It sounds like it's time for my favorite pair of pickers to go international.
In the wake of Greece's ever-widening debt crisis, its creditors are leaning on the ancient nation to sell off assets to help dig its way out.
That's where Mike Wolf and Frank Fritz, of my guilty pleasure television show, "American Pickers" come in.
The pair are known for jumping in their van, from their store in LeClaire, Iowa, and hitting America's highway and (mostly) byways, in search of, well, junk.
Those two find gold in some of the oddest things that regular folk, and junkers, have rusting in their barns and yards.
Now, I know that Greece is off the beaten track, even for them, but a trip from the Mississippi to the Aegean might very well be worth their while.
Greece, I've learned, has some of the best picking around.
The Parthenon, for instance. While it's bigger than most of the things they pick, I'm sure there's a market out there for circa 432 BC architecture. And, those guys, with their ingenuity and skills, could probably get it all to fit in that Mary Poppins satchel of a van they drive.
Who needs Red Wing pottery, when you can pick up vases from the protogeometrical period (1050-900 BC) for pennies on the dollar.
The famous windmills of Mykonos and Santorini, along with the nifty blue-roofed houses, could make dandy guest houses for the rich and famous here in the U.S., moving them to Malibu would make the commute so much easier.
Then, there's the little knicks and knacks that the boys seem to find - statues with missing arms, coins covered in the grime of ages, beat-up drawings. Yep, it would make a heck of an episode for cable television.
It's easy to make light, half a world away from the protests in the streets, but the crisis in Greece could have a gigantic ripple effect on global markets, indeed it already has. The European Union and International Monetary Fund has already bailed the country out, to the tune of 110 billion Euros, which we now find out wasn't enough.
While the beleaguered prime minister George Papandreou holds meetings with European leaders, Alan Greenspan, the former U.s. Federal Reserve chairman, said chances of the city of Athens heading into default are "so high that you almost have to say there is no way out."
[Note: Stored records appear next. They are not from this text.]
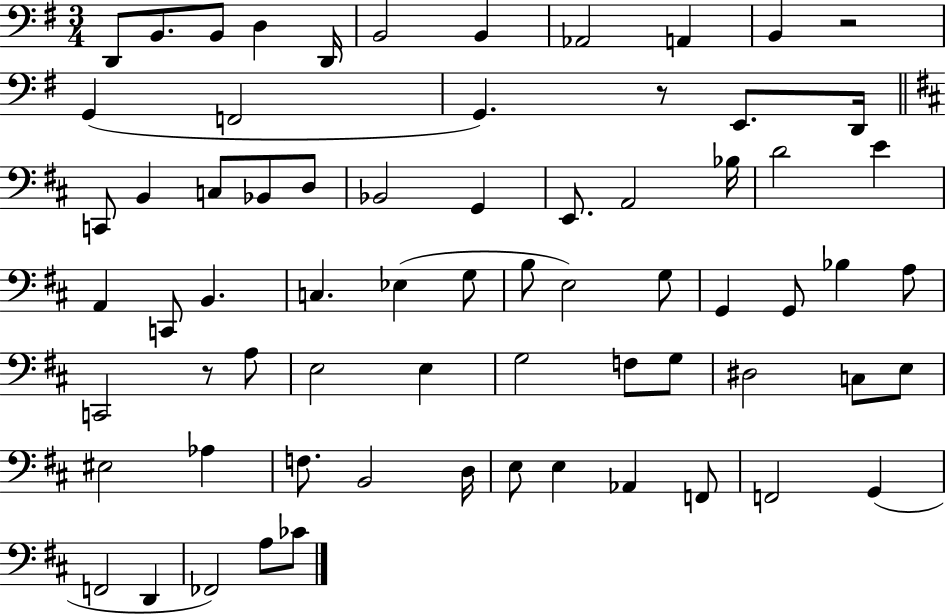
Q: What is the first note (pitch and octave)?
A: D2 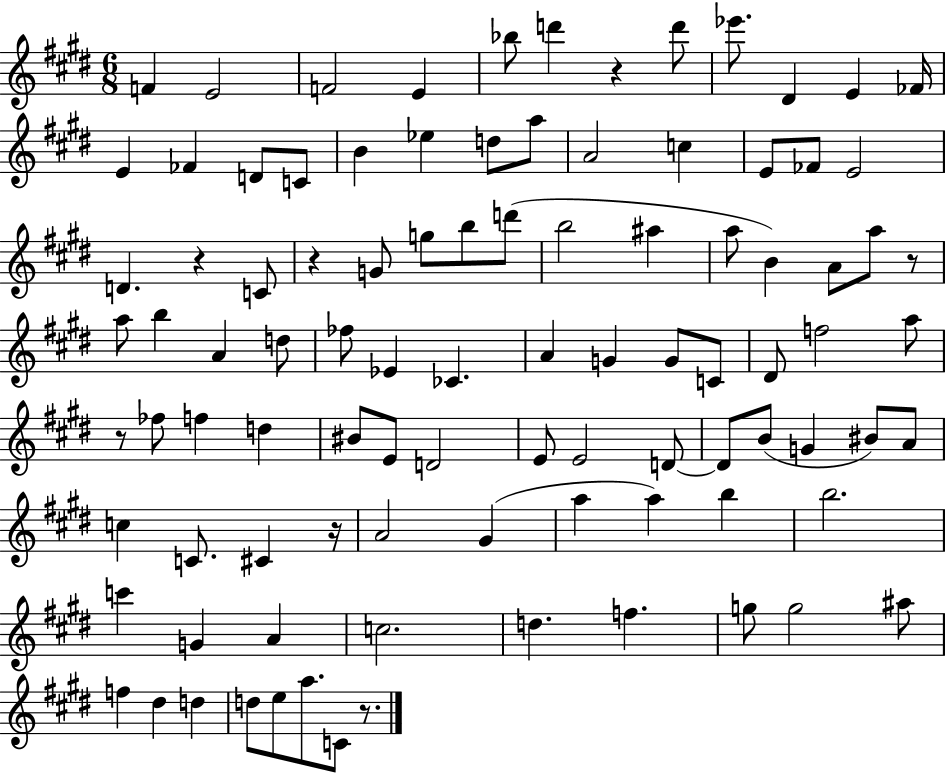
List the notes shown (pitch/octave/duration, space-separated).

F4/q E4/h F4/h E4/q Bb5/e D6/q R/q D6/e Eb6/e. D#4/q E4/q FES4/s E4/q FES4/q D4/e C4/e B4/q Eb5/q D5/e A5/e A4/h C5/q E4/e FES4/e E4/h D4/q. R/q C4/e R/q G4/e G5/e B5/e D6/e B5/h A#5/q A5/e B4/q A4/e A5/e R/e A5/e B5/q A4/q D5/e FES5/e Eb4/q CES4/q. A4/q G4/q G4/e C4/e D#4/e F5/h A5/e R/e FES5/e F5/q D5/q BIS4/e E4/e D4/h E4/e E4/h D4/e D4/e B4/e G4/q BIS4/e A4/e C5/q C4/e. C#4/q R/s A4/h G#4/q A5/q A5/q B5/q B5/h. C6/q G4/q A4/q C5/h. D5/q. F5/q. G5/e G5/h A#5/e F5/q D#5/q D5/q D5/e E5/e A5/e. C4/e R/e. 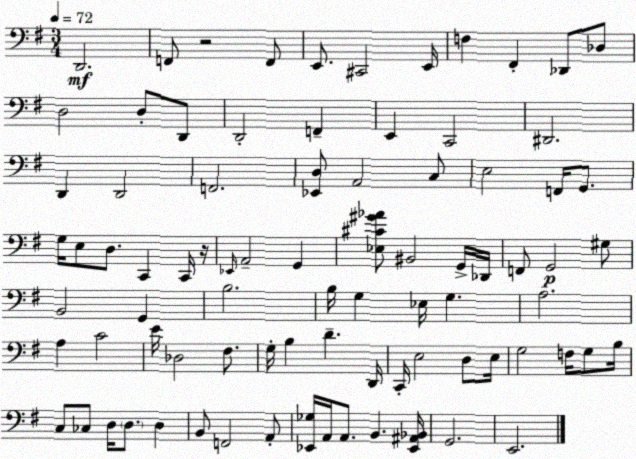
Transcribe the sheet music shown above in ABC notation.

X:1
T:Untitled
M:3/4
L:1/4
K:Em
D,,2 F,,/2 z2 F,,/2 E,,/2 ^C,,2 E,,/4 F, ^F,, _D,,/2 _D,/2 D,2 D,/2 D,,/2 D,,2 F,, E,, C,,2 ^D,,2 D,, D,,2 F,,2 [_E,,D,]/2 A,,2 C,/2 E,2 F,,/4 G,,/2 G,/4 E,/2 D,/2 C,, C,,/4 z/4 _E,,/4 A,,2 G,, [_E,^C^G_A]/2 ^B,,2 G,,/4 _D,,/4 F,,/2 G,,2 ^G,/2 B,,2 G,, B,2 B,/4 G, _E,/4 G, A,2 A, C2 E/4 _D,2 ^F,/2 G,/4 B, D D,,/4 C,,/4 E,2 D,/2 E,/4 G,2 F,/4 G,/2 B,/4 C,/2 _C,/2 D,/4 D,/2 D, B,,/2 F,,2 A,,/2 [_E,,_G,]/4 A,,/4 A,,/2 B,, [_E,,^A,,_B,,]/4 G,,2 E,,2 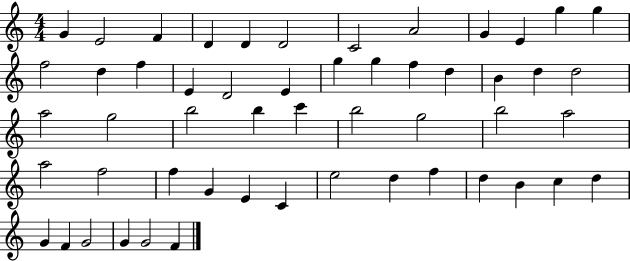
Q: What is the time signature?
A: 4/4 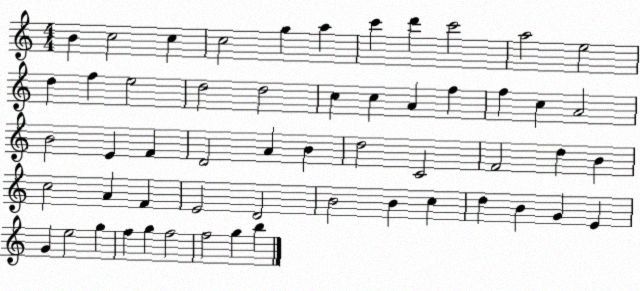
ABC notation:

X:1
T:Untitled
M:4/4
L:1/4
K:C
B c2 c c2 g a c' d' c'2 a2 e2 d f e2 d2 d2 c c A f f c A2 B2 E F D2 A B d2 C2 F2 d B c2 A F E2 D2 B2 B c d B G E G e2 g f g f2 f2 g b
Hence, the pressure on the nation to at least show good faith by selling assets.
While it appears France and Germany appear headed to the rescue, Greece, and the entire European Union, are not out of the woods. The people of Greece will have to agree to even deeper austerity cuts, to state pensions, wages, and services. They're already protesting in the streets, even more hardship could send this boiling pot over the edge.
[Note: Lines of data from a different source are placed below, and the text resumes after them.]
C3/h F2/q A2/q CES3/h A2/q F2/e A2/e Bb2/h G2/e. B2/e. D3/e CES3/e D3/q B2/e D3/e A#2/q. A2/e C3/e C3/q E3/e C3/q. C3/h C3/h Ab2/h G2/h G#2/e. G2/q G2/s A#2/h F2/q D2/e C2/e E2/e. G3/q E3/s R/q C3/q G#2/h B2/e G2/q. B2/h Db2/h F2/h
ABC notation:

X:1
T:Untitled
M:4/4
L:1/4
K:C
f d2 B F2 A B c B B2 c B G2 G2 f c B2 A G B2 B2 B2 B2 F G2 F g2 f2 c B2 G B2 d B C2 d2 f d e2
And, selling assets is a likely scenario.
Not the Parthenon, of course, but state stakes in media, communications, and perhaps some of the countless islands that make up the nation.
So, if you're looking for a little vacation spot, out of the way...
We're gearing up for the traditional midpoint of summer - July 4.
And, fingers crossed, it appears Mother Nature is going to behave.
Enjoy the holiday with family and friends. Have fun, make memories and be careful.